Both the Grazia and Access make decent efforts to offer a stable, plush and fun riding experience. The cycle parts on both are identical; a telescopic fork is standard on either, so is the 12-inch front wheel and 10-inch rear (both run tubeless tyres), and both also feature a disc brake in their top variants. The Grazia does score over the Access with its Combi-Brake System, though. The Access, at 102 kg (kerb) is 5 kg lighter than the 107 kg Grazia although the latter does a good job of camouflaging its weight; neither scooter feels heavier than your average 110cc scooter.

Over potholes and consistently bad patches of tarmac, it’s the Access that absorbs better. The Grazia feels taut in comparison but not unreasonably so. It’s the Grazia’s sporty ergonomics that result in more undulations being filtered through to the rider although this turns to an advantage when it comes to handling. The Grazia’s front-end is more encouraging of aggressive cornering and it imparts with good, confident feedback. I found it most fun to throw into corners or quickly dart through traffic, but preferred the Access when I wanted to ride in a more scooter-appropriate (read: calm and relaxed) manner. The Access’ front-end feels relatively more scooter-ish than the Grazia – with a light feel but thankfully not to the point of being problematic.

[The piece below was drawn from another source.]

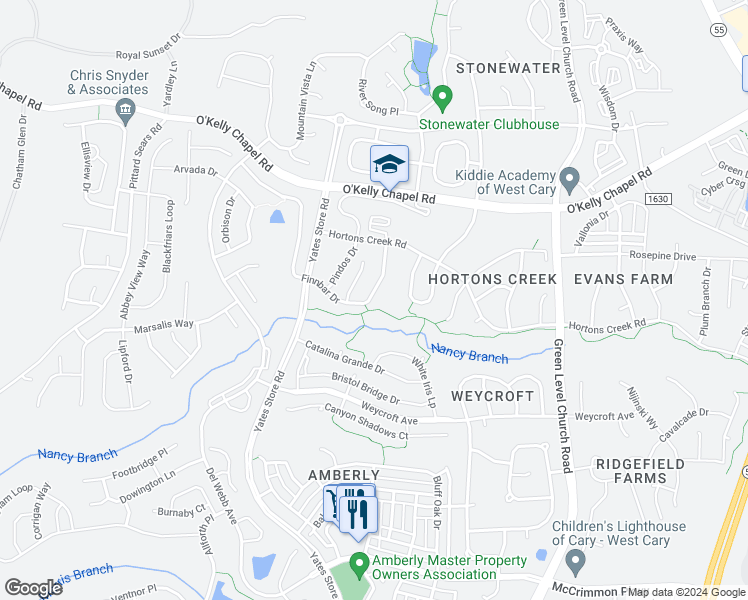 map of restaurants, bars, coffee shops, grocery stores, and more near 541 Finnbar Drive in Cary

Braking is where the Grazia is clearly superior to the Access. In isolation, the Access comes across as stable and confident and the front disc brake certainly helps. It takes 2.2 seconds to come to a standstill from 60 kph, covering 19.3m in the process, which is appreciable for a scooter. The brake levers are progressive and, save for tyre squeal and rear wheel lock (towards the end of a hard braking manoeuvre) the Access, impressively, doesn’t lose composure. The Grazia, however, is better. Its brakes lack the progression of the Access but this is compensated for by the CBS, which is less demanding of the rider’s braking skill-set. Its MRF Zapper FG tyres are certainly better than the Ceat tyres on the Access and it shows – not only in the cornering poise but also in the brake-test results. The Grazia gets from 60 kph to standstill in just 2 seconds, covering only 18 metres in the process. This may seem like a negligible fraction on paper but its contribution to safety is crucial. This round clearly goes to the Grazia, then.

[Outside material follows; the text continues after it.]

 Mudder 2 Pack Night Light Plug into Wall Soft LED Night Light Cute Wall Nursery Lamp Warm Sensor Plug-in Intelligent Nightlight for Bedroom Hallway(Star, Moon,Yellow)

Both scooters have similar fuel tank capacities – 5.3 litres on the Grazia and 5.6 litres on the Access. On the highway, the Grazia returns a fuel efficiency figure of 57.6km per litre while the Access travels 54.5km on a litre. This is a marginal difference but an important one for those who want a 125cc scooter without compromising on fuel economy. The Grazia, therefore, has a highway range of 305 km, which is the same (down to the last decimal) as the Access which has the slightly bigger fuel tank. Shows exactly how competitive Suzuki and Honda really are, doesn’t it?

In the city, where it really matters, it's the Access that has the economical edge over the Grazia. While the Grazia returns a respectable 50.6 kpl in the city, the Access returns 52.6 kpl - a noticeable difference for the efficiency-minded. 

Overall, there’s a lot to like about both scooters. While the Access is smooth, well-built, practical and agile, the scooter's styling and comfort-oriented dynamics direct its appeal towards an older (dare I say, wiser?) audience. If all you really want is a comfortable, stress-free urban runabout, you’ll be happy astride the cheaper scooter of the two, the Access 125 SE, which is priced at Rs 60,999. The Access, by being simple and straightforward, is the more intelligent scooter of the two and its robustness and no-nonsense appeal will definitely appeal to a wide audience in India. 

The Grazia, however, has all the virtues of the Access but with the added bonus of an appealing design, involving dynamics and a few features (like the LED headlight) which riders will genuinely appreciate. It goes beyond just turning more heads and also offers marginally more involving performance/dynamics, better safety and more premium features. Priced at Rs 63,888 (all prices ex-showroom, Mumbai) the Grazia is slightly more expensive – but it is the better buy.